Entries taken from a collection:
****************

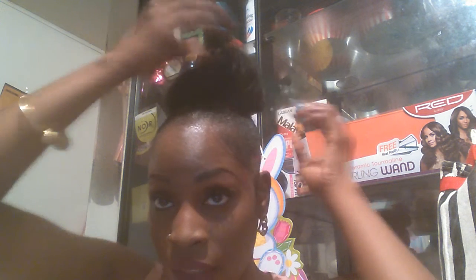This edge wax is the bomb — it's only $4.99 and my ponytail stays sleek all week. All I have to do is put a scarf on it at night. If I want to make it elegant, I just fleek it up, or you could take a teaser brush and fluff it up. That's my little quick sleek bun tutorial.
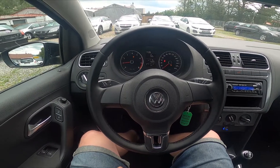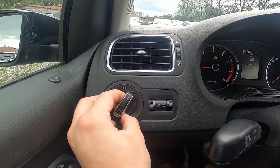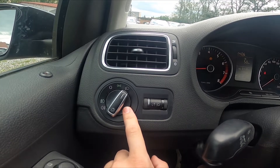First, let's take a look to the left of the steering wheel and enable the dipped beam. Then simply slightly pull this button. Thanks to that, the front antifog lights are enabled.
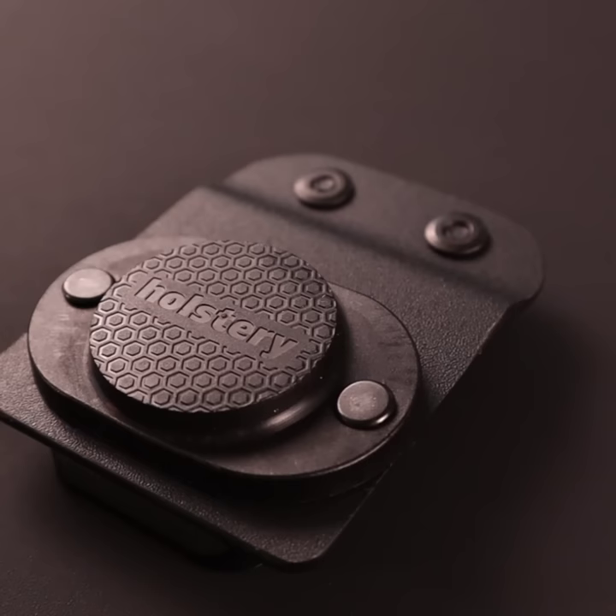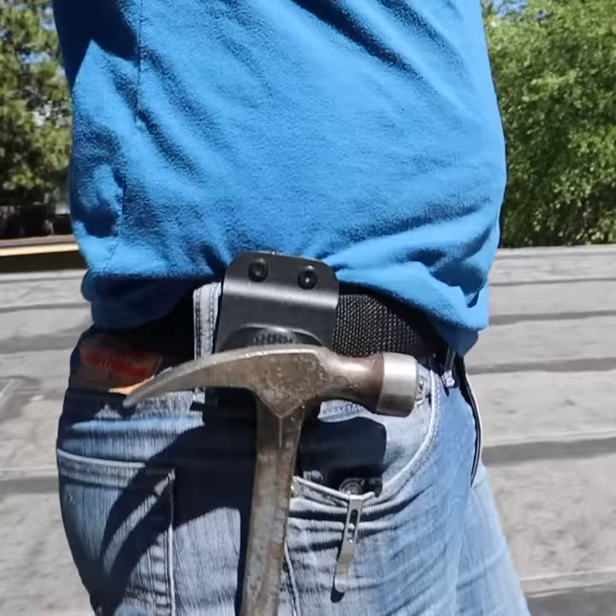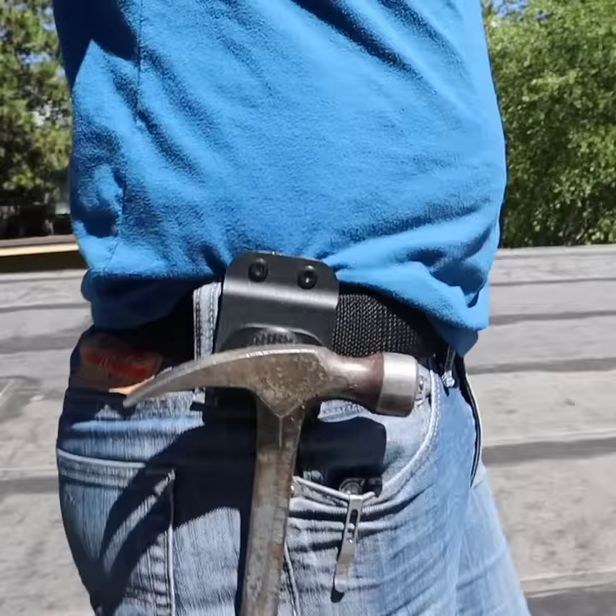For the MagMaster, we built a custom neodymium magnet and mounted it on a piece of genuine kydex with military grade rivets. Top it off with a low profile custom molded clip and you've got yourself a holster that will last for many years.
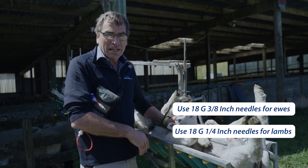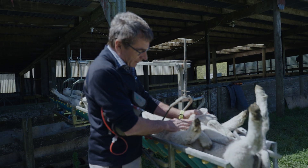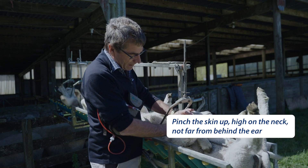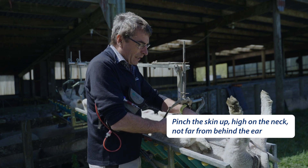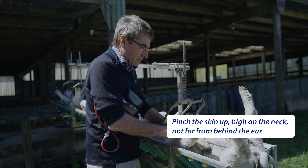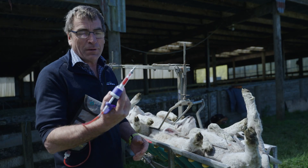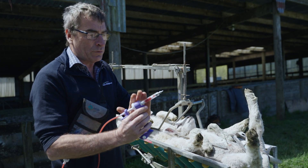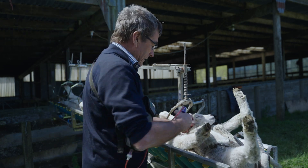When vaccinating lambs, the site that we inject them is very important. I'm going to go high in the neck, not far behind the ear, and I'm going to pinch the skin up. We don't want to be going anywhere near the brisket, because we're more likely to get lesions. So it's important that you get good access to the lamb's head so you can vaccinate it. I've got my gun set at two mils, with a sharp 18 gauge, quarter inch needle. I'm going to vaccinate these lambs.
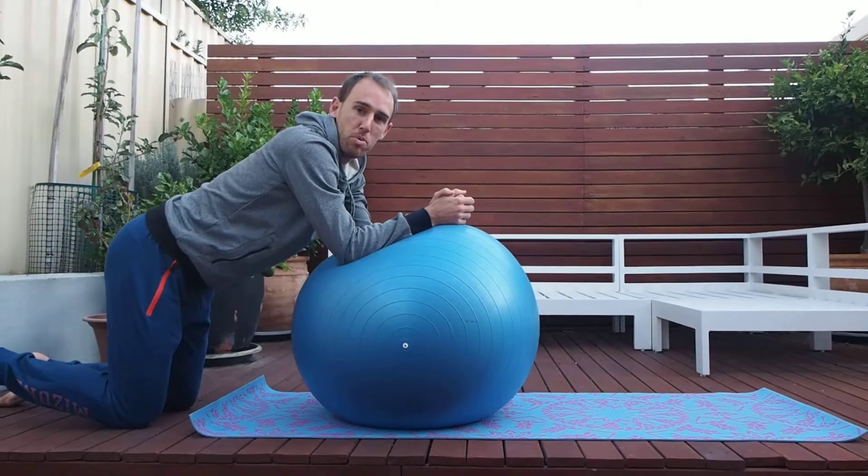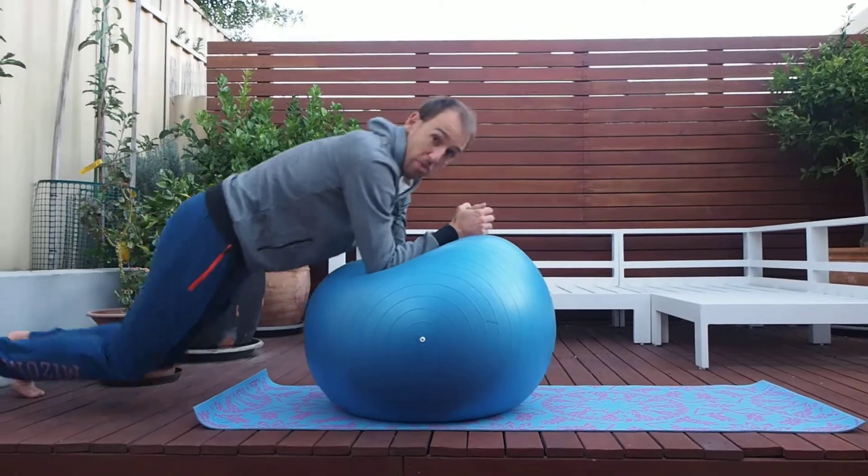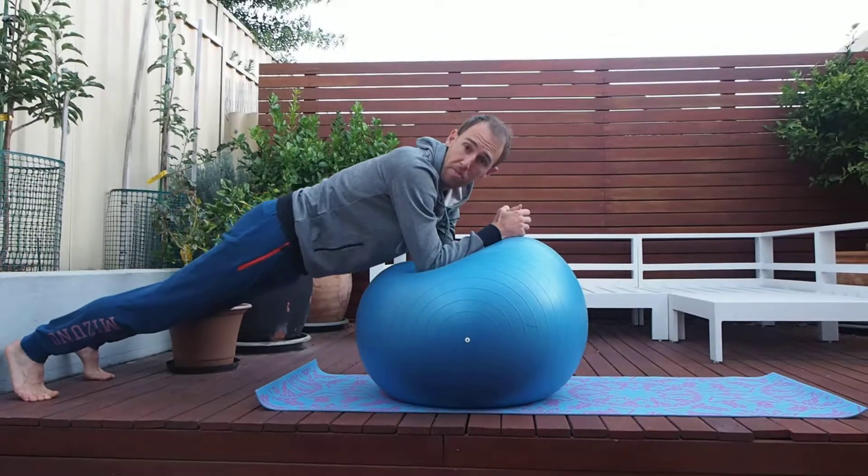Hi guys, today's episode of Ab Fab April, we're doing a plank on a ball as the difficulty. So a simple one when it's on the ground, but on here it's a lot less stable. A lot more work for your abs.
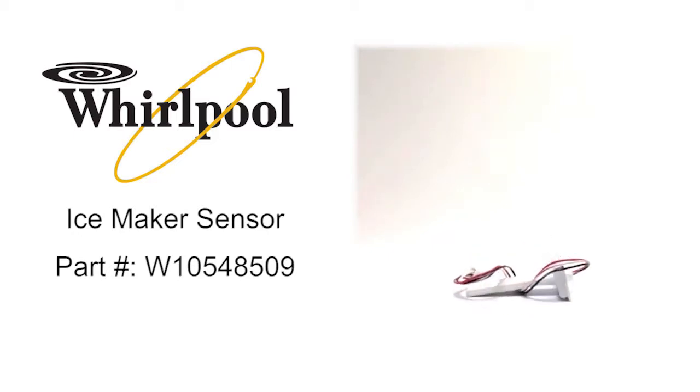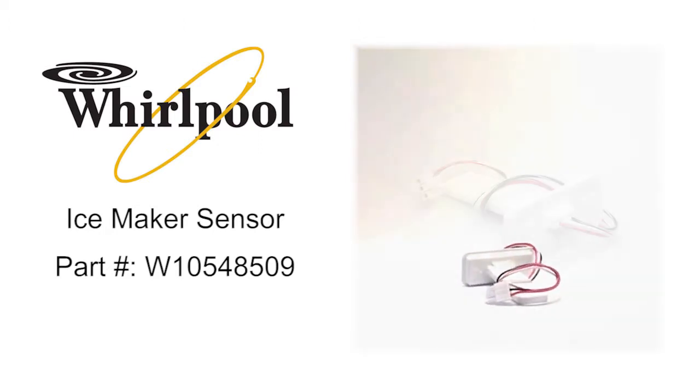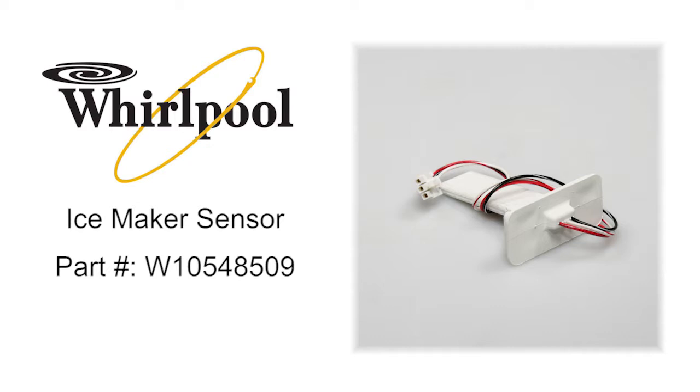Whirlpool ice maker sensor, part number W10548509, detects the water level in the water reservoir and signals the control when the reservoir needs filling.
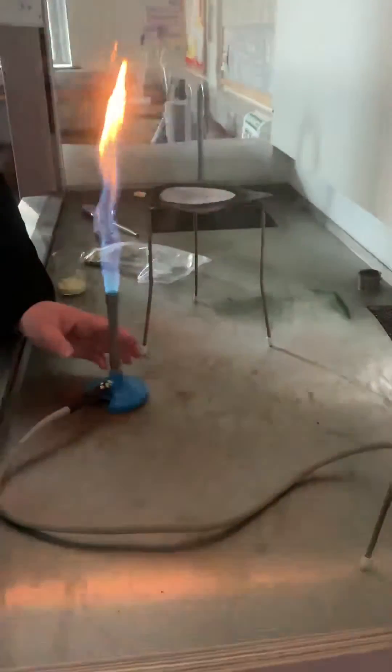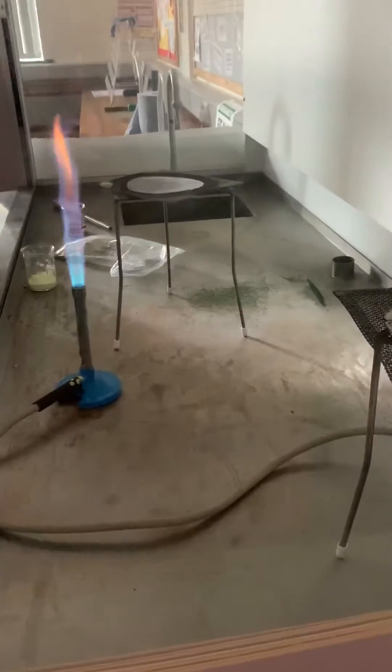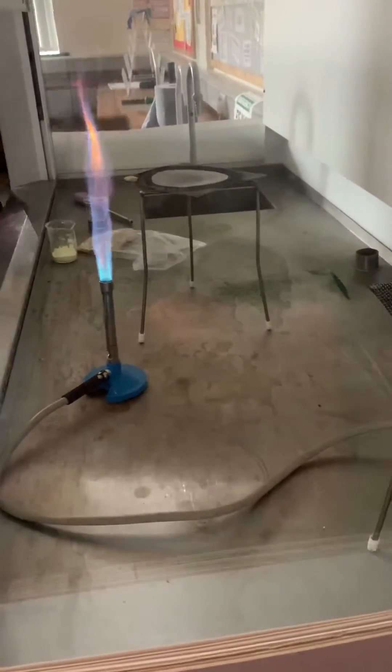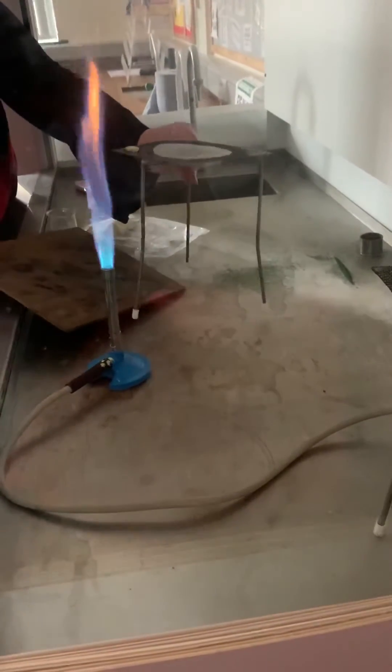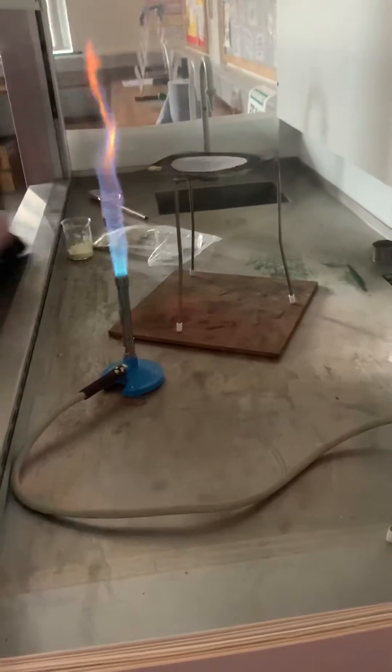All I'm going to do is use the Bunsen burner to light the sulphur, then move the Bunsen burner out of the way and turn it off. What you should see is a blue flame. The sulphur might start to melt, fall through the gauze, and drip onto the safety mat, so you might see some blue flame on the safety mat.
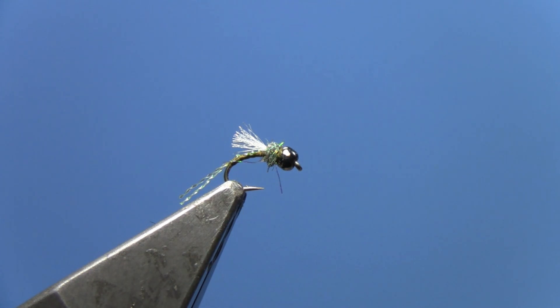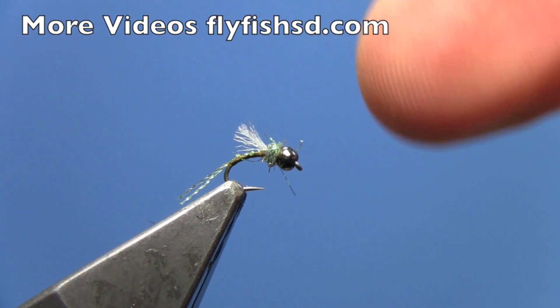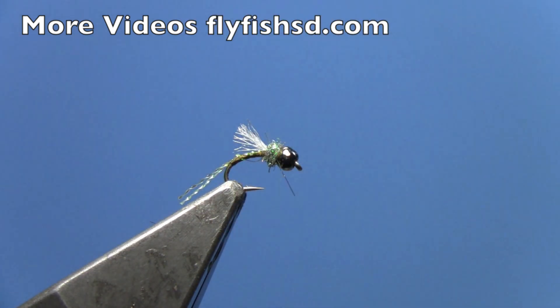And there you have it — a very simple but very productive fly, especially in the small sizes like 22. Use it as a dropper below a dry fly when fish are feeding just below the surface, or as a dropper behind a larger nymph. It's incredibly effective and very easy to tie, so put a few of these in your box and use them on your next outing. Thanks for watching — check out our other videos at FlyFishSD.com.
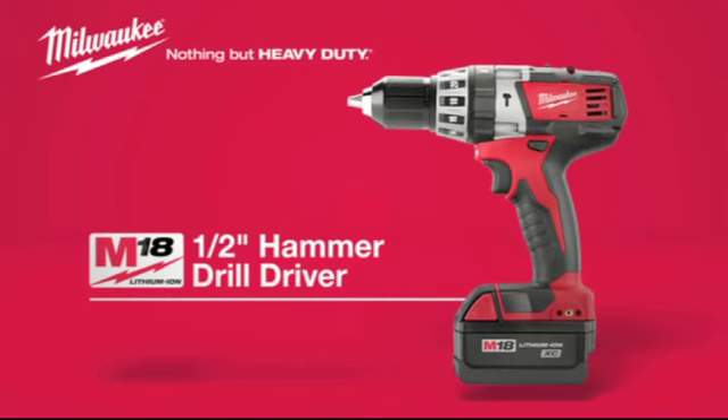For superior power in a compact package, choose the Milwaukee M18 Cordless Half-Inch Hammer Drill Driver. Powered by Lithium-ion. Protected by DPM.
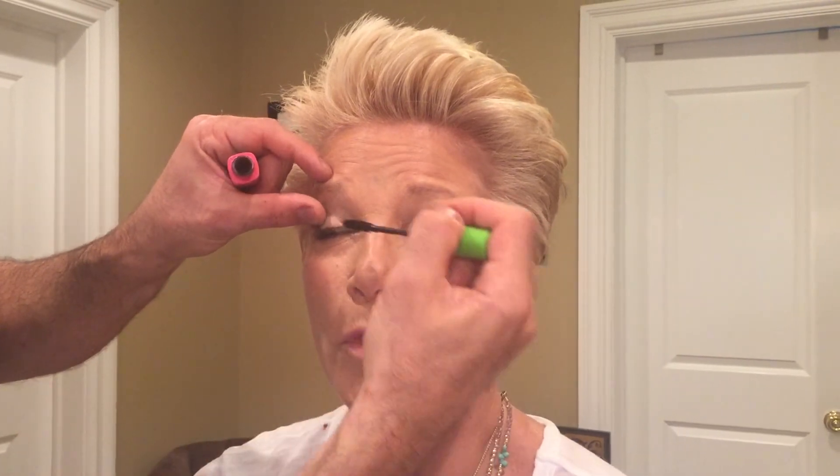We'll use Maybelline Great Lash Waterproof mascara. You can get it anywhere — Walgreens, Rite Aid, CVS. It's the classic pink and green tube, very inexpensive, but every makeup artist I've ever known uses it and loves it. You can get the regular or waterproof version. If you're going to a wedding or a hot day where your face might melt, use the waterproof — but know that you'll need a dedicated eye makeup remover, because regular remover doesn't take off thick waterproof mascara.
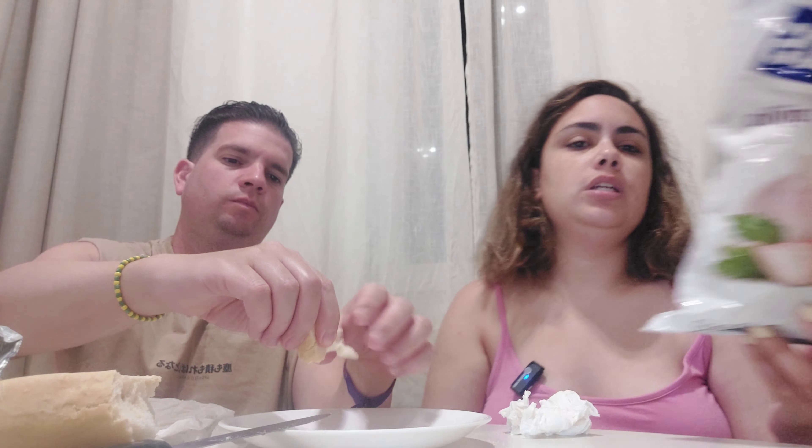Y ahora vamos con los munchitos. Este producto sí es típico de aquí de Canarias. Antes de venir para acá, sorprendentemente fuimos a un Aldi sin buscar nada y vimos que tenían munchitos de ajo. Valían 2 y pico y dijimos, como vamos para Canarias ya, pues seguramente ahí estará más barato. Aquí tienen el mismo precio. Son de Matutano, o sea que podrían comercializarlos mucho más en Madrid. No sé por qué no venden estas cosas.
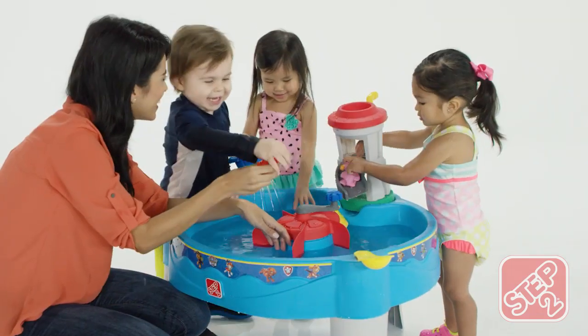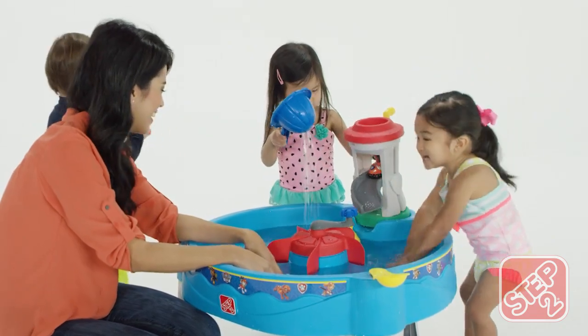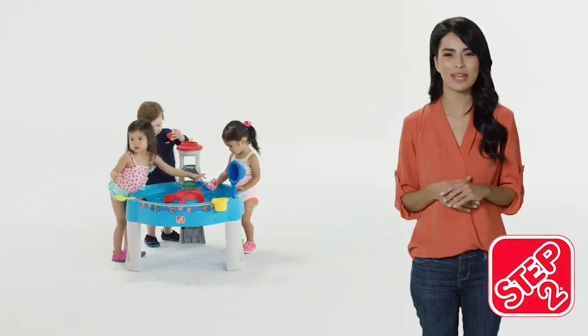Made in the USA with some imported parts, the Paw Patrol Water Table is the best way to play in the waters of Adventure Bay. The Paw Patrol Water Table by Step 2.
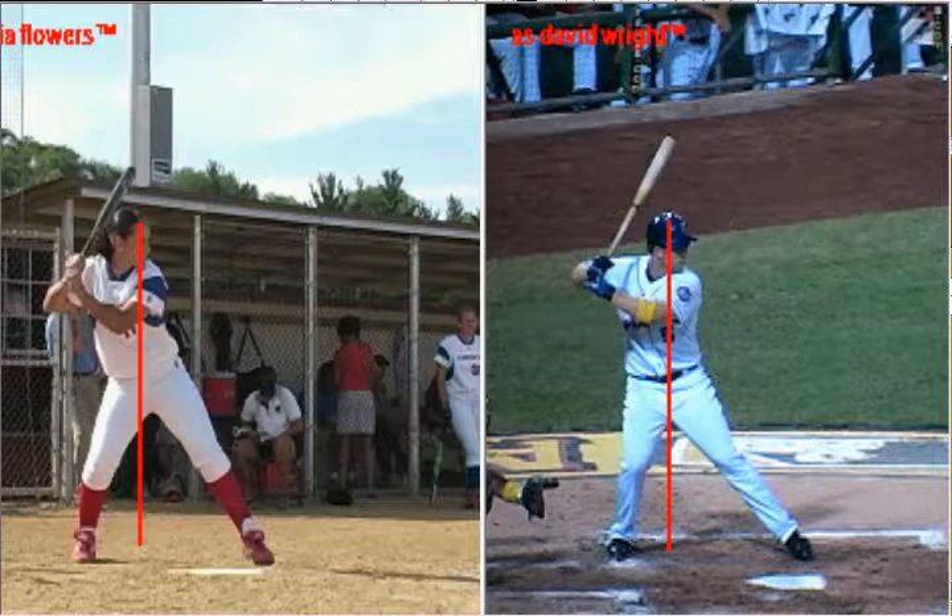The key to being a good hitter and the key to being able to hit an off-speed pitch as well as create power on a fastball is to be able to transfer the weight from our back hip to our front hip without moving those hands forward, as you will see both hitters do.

****************

Repeat, without pictures, exactly the lines of the data above from the one containing "When vaccinating lambs, the" through the one containing "We'll use Maybelline", including both and adding nothing.

When vaccinating lambs, the site that we inject them is very important. I'm going to go high in the neck, not far behind the ear, and I'm going to pinch the skin up. We don't want to be going anywhere near the brisket, because we're more likely to get lesions. So it's important that you get good access to the lamb's head so you can vaccinate it. I've got my gun set at two mils, with a sharp 18 gauge, quarter inch needle. I'm going to vaccinate these lambs.
Hi guys, today's episode of Ab Fab April, we're doing a plank on a ball as the difficulty. So a simple one when it's on the ground, but on here it's a lot less stable. A lot more work for your abs.
Whirlpool ice maker sensor, part number W10548509, detects the water level in the water reservoir and signals the control when the reservoir needs filling.
All I'm going to do is use the Bunsen burner to light the sulphur, then move the Bunsen burner out of the way and turn it off. What you should see is a blue flame. The sulphur might start to melt, fall through the gauze, and drip onto the safety mat, so you might see some blue flame on the safety mat.
And there you have it — a very simple but very productive fly, especially in the small sizes like 22. Use it as a dropper below a dry fly when fish are feeding just below the surface, or as a dropper behind a larger nymph. It's incredibly effective and very easy to tie, so put a few of these in your box and use them on your next outing. Thanks for watching — check out our other videos at FlyFishSD.com.
For superior power in a compact package, choose the Milwaukee M18 Cordless Half-Inch Hammer Drill Driver. Powered by Lithium-ion. Protected by DPM.
We'll use Maybelline Great Lash Waterproof mascara. You can get it anywhere — Walgreens, Rite Aid, CVS. It's the classic pink and green tube, very inexpensive, but every makeup artist I've ever known uses it and loves it. You can get the regular or waterproof version. If you're going to a wedding or a hot day where your face might melt, use the waterproof — but know that you'll need a dedicated eye makeup remover, because regular remover doesn't take off thick waterproof mascara.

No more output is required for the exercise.